Lets see an example (Maersk Alabama) to understand this better.
- APRIL 8, 2009: It was the first successful pirate attack on an American vessel in over 200 years.
- It was the 6th vessel to be taken over by pirates that week.
- After a series of skirmishes, Captain Richard Philips ended up being taken hostage in the lifeboat when the pirates were fleeing the ship.
- After a 4 day standoff, US Navy Snipers killed the pirates.
- This event was immortalised in the movie, Captain Philips, starring Tom Hanks.
IMPACT ON OTHER COUNTRIES (say, Egypt)
- Shipping companies have chosen to sail around the southern tip of Africa instead of Suez Canal.
- Significant drop in traffic through the Suez Canal, a major source of revenue for Egypt.
Much longer routes; adds 2700 miles each way from Saudi Arabia to US.
- Collective patrolling and security efforts.

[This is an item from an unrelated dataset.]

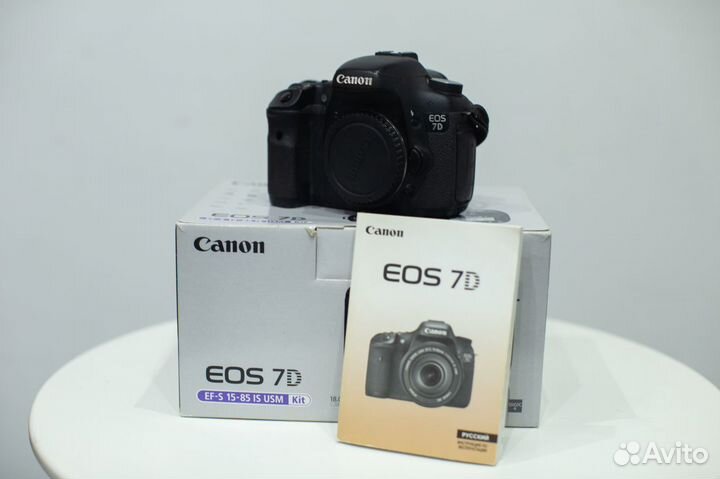 Фотоаппарат Canon 7D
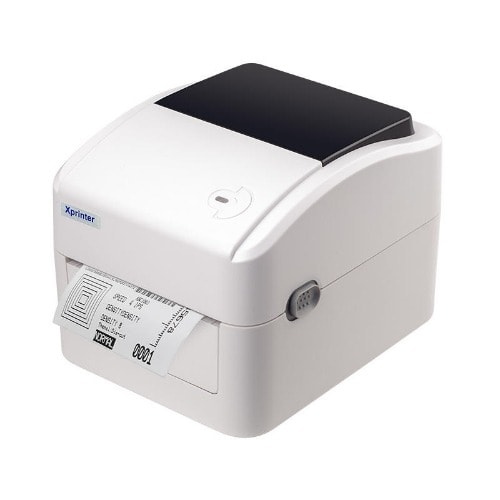 XPrinter XP-420B Direct Thermal Label Printer with large space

- UK, US, France, Japan and Germany are involved in these efforts. In the past, New Zealand, Singapore, Spain, Korea, Turkey have also participated.
- Many national governments send naval forces to supplement patrols.

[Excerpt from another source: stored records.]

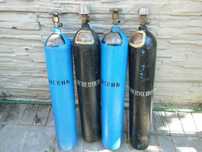 Продам углекислоту, кислород, можно с баллоном 40л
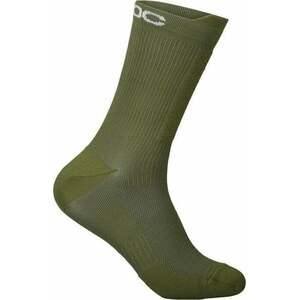 POC Lithe MTB Sock Mid Epidote Green M Cyklo ponožky vyobraziť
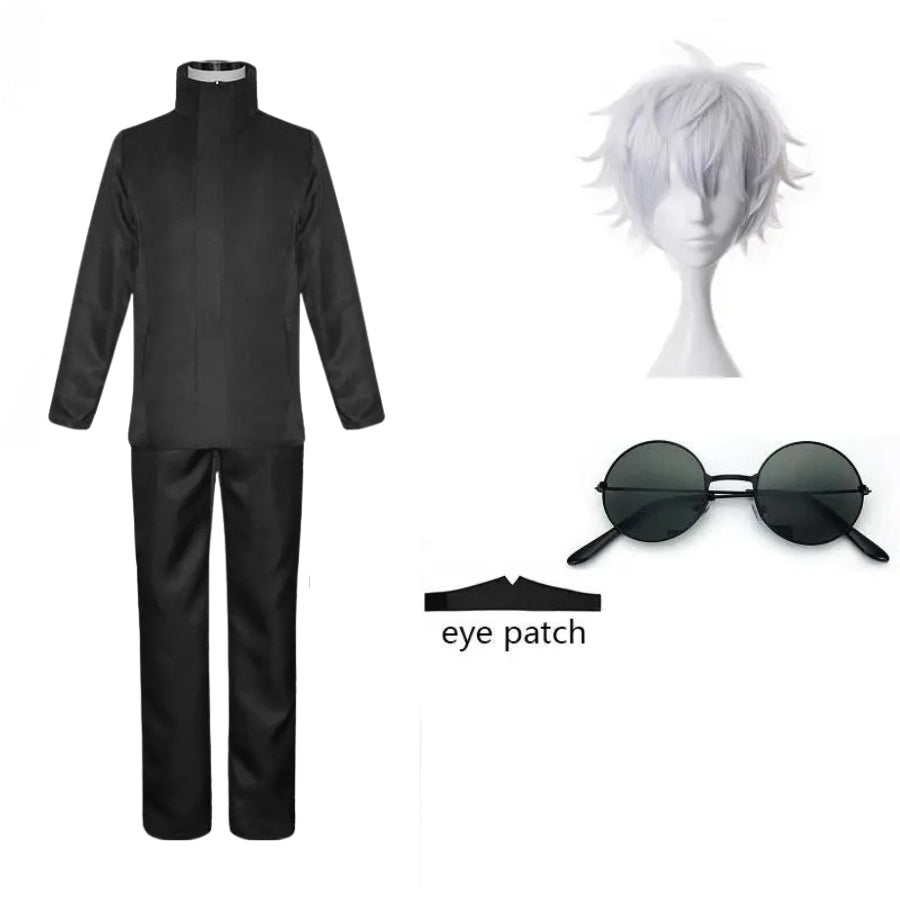 kids gojo cosplay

- Piracy attacks have declined dramatically over the past several years but ‘cost per attack’ is dramatically higher.
TURNING TOWARDS THE SHORE
“Ending piracy requires focus to shift away from perpetrators and towards the enablers.”
They currently rely on a network of on- shore accomplices secured by bribery or force, possible due to lack of infrastructure and law enforcement.

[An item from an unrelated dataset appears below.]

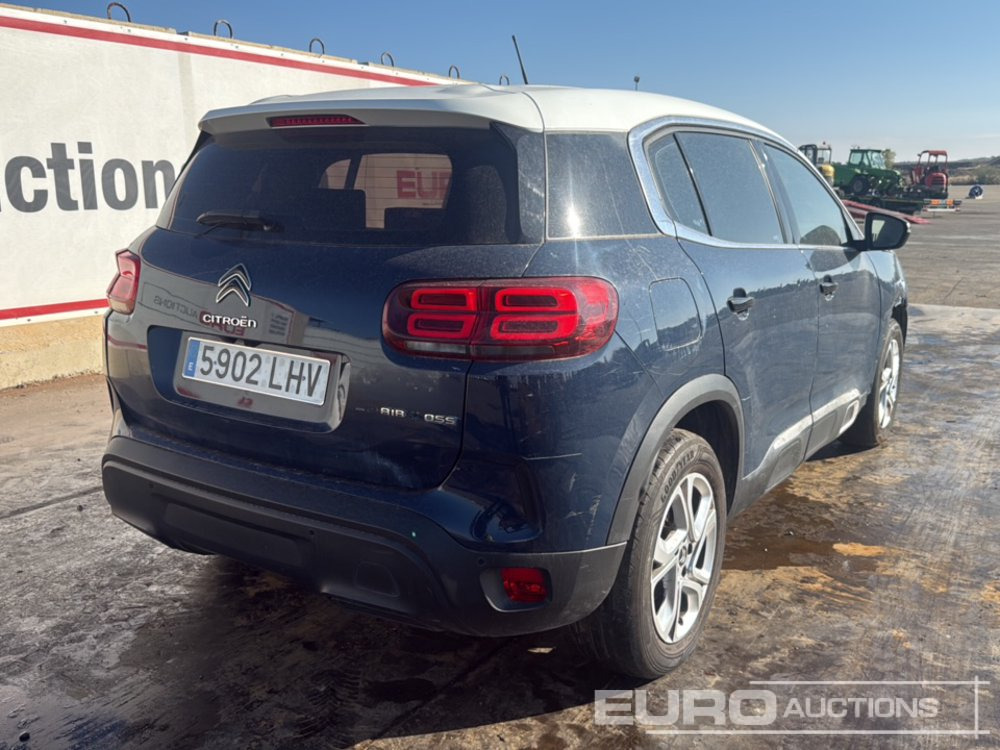 2020 Citroen C5 Aircross - 越野车:图5 2020 Citroen C5 Aircross - 越野车:图5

- Somali President Hassan Sheikh Mahmud has made an effort in 2013 to address various aspects of Somali piracy.
- Granted amnesty to pirates willing to turn away from practise.
- Utilised traditional clan avenues and local leaders to negotiate an end to piracy.
- Need to bolster economy, infrastructure, information, etc.
REASON FOR HOPE
- In 2013, UN Development Coordinator for Somalia announced that the number of people under duress had halved in the previous year.
- Innovative methods of aid distribution, favourable rainy seasons and improved political stability give Somalis reasons to hope for a better future.
Though Somalia’s condition is improving but its increasing in other parts of the world. Since the summer of 2013, it has become a bigger problem in the Gulf of Guinea. Much of this takes place from the coast of Nigeria which is Africa’s most populous country with a population of 175 million. Poverty and the ethnic conflict remains another problem.